Exercise description:
Once the pictures are set aside, retype the remaining entries exactly.

Records provided:
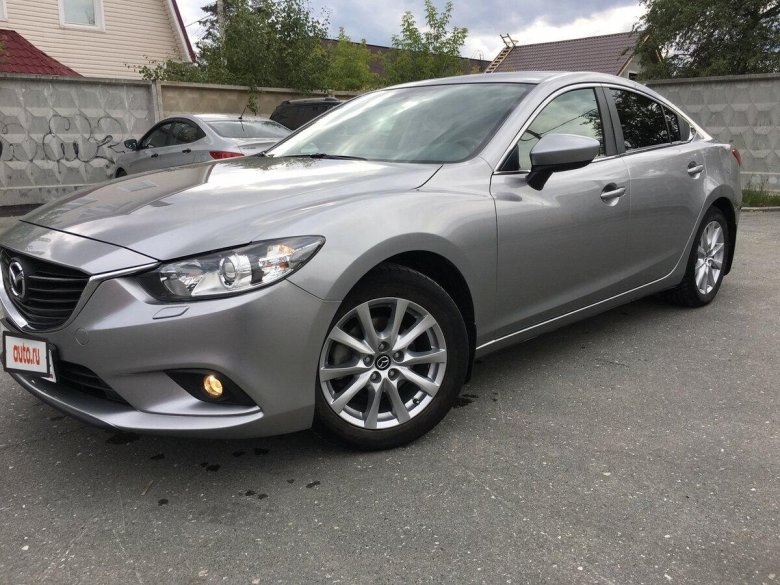 Мазда 6 серая 2012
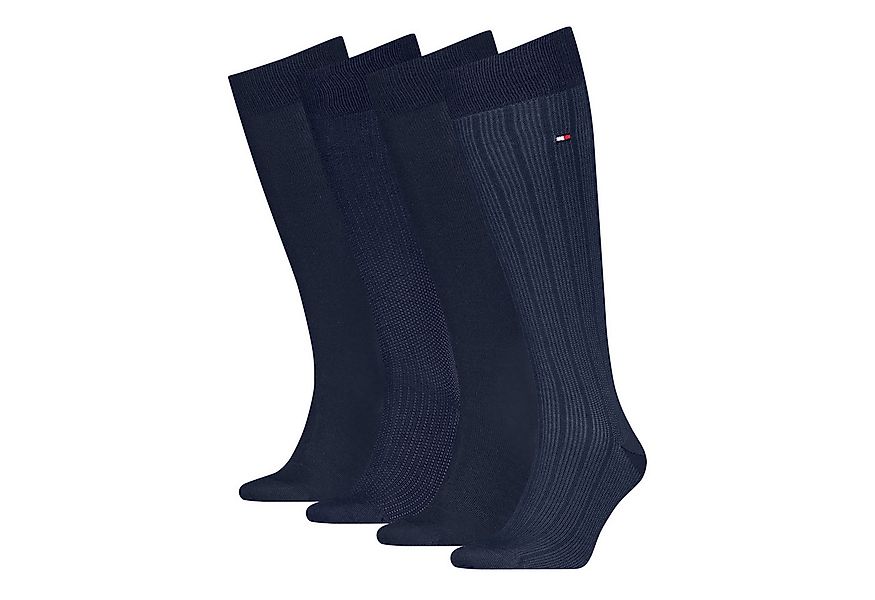 Tommy Hilfiger Kniestrümpfe TH MEN KNEEHIGH 4P TIN GIFTBOX (4er Pack) günstig online kaufen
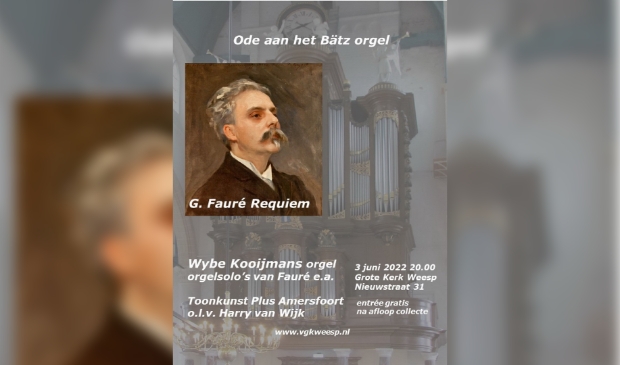 Batz orgel en portret van Gabriel Faure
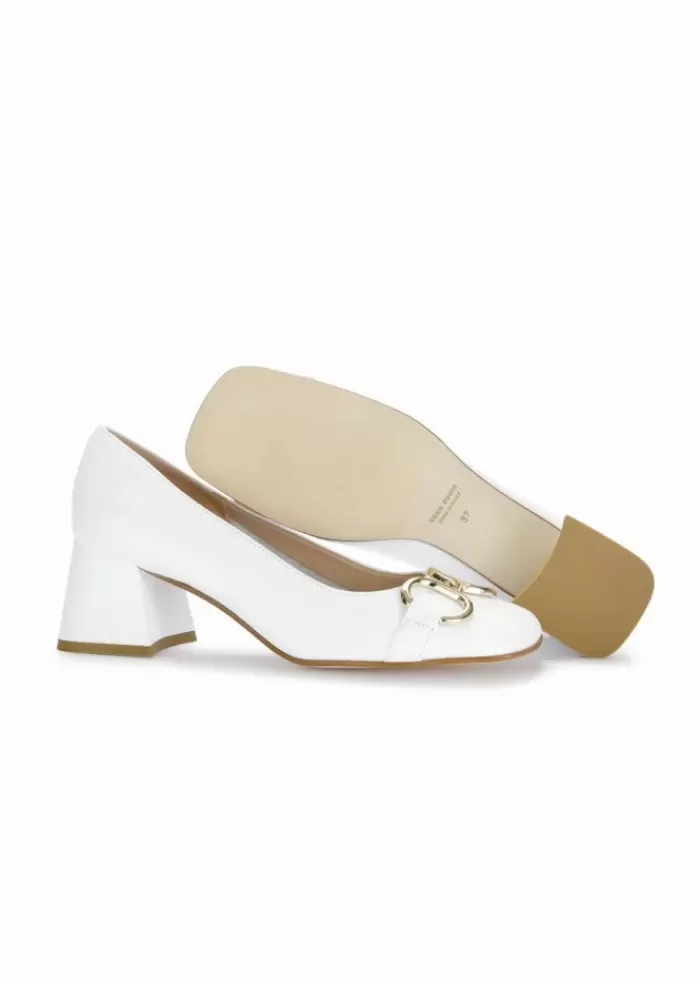 Flash Sale | Scarpe Tacco In Pelle Impero Bianco Tacco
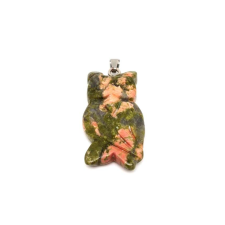 Bagoly medál Unakit 2x4cm medál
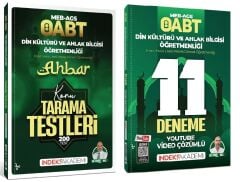 İndeks Akademi 2027 ÖABT MEB-AGS Din Kültürü ve Ahlak Bilgisi Öğretmenliği Ahbar Konu Tarama Testleri + 11 Deneme 2 li Set - Hanifi İnce İndeks Akademi Yayıncılık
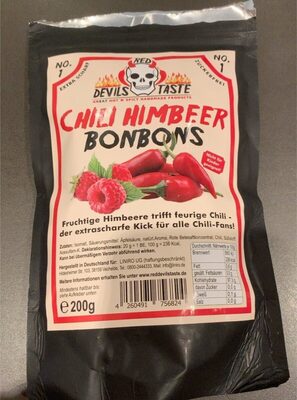 Chili Himbeer Bonbons front packaging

Answer section:
 Мазда 6 серая 2012
 Tommy Hilfiger Kniestrümpfe TH MEN KNEEHIGH 4P TIN GIFTBOX (4er Pack) günstig online kaufen
 Batz orgel en portret van Gabriel Faure
 Flash Sale | Scarpe Tacco In Pelle Impero Bianco Tacco
 Bagoly medál Unakit 2x4cm medál
 İndeks Akademi 2027 ÖABT MEB-AGS Din Kültürü ve Ahlak Bilgisi Öğretmenliği Ahbar Konu Tarama Testleri + 11 Deneme 2 li Set - Hanifi İnce İndeks Akademi Yayıncılık
 Chili Himbeer Bonbons front packaging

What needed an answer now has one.